**Required work**. Give the lines again exactly as they appear below, from the line with "Клавиатура для ноутбука" to the line with "Simplay3 Seed to", both included, and only those lines. Leave every picture out.

**Given data**.
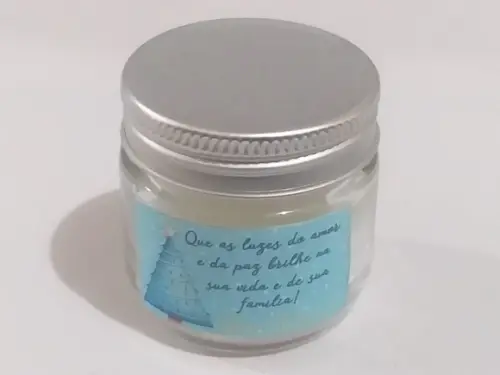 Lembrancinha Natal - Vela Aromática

...

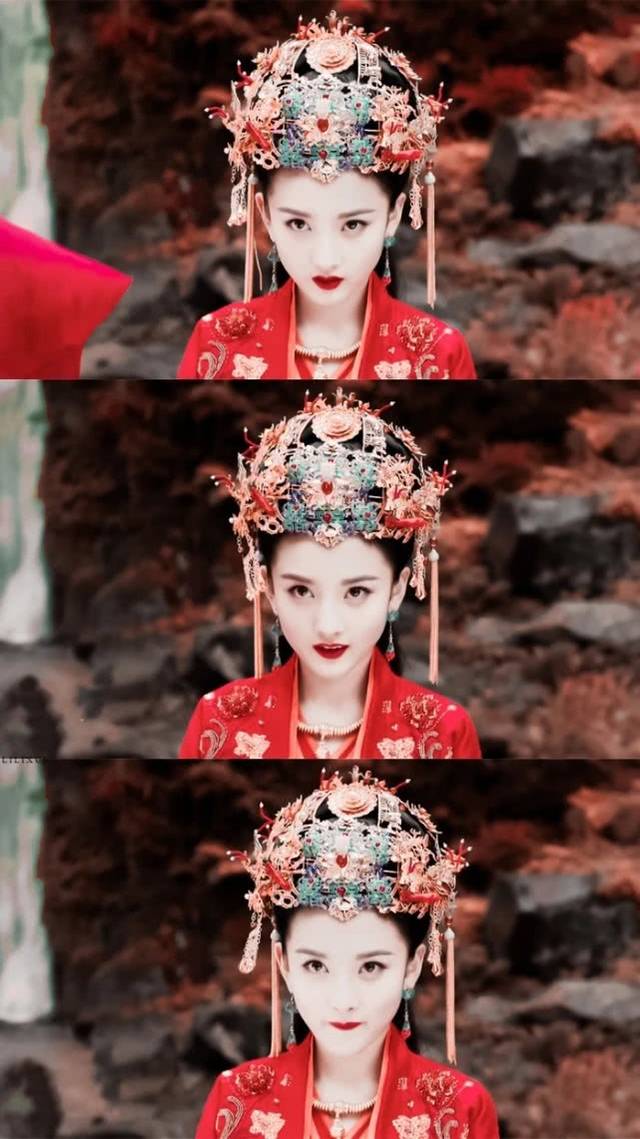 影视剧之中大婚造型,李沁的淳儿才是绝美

==

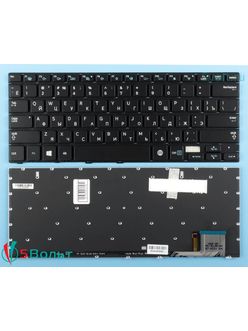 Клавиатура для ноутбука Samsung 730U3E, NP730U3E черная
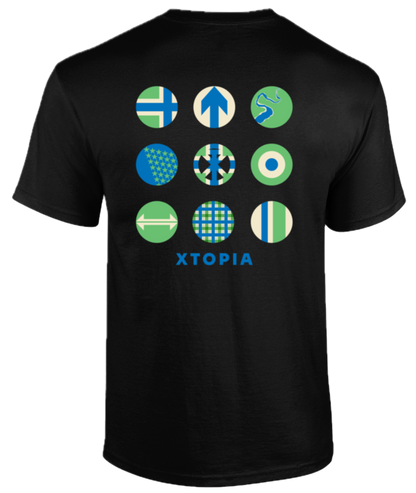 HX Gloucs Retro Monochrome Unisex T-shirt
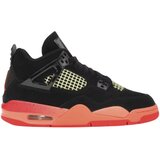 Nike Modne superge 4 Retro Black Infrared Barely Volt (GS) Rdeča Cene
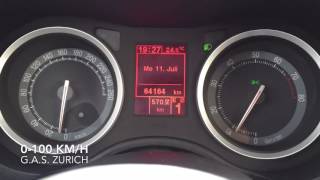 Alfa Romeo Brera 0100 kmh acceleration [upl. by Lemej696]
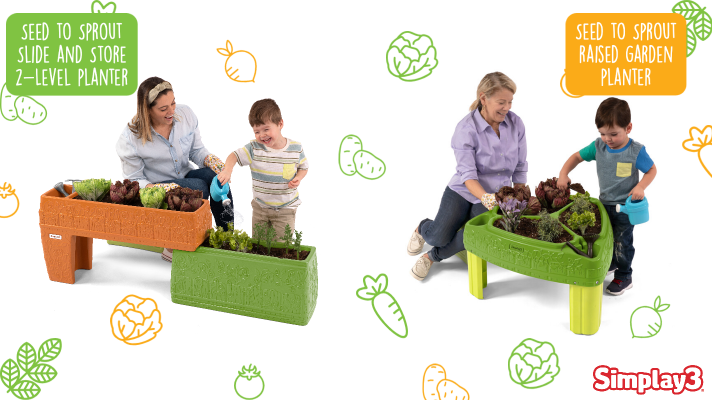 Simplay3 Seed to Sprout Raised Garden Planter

**Task answer**.
 Клавиатура для ноутбука Samsung 730U3E, NP730U3E черная
 HX Gloucs Retro Monochrome Unisex T-shirt
 Nike Modne superge 4 Retro Black Infrared Barely Volt (GS) Rdeča Cene
 Alfa Romeo Brera 0100 kmh acceleration [upl. by Lemej696]
 Simplay3 Seed to Sprout Raised Garden Planter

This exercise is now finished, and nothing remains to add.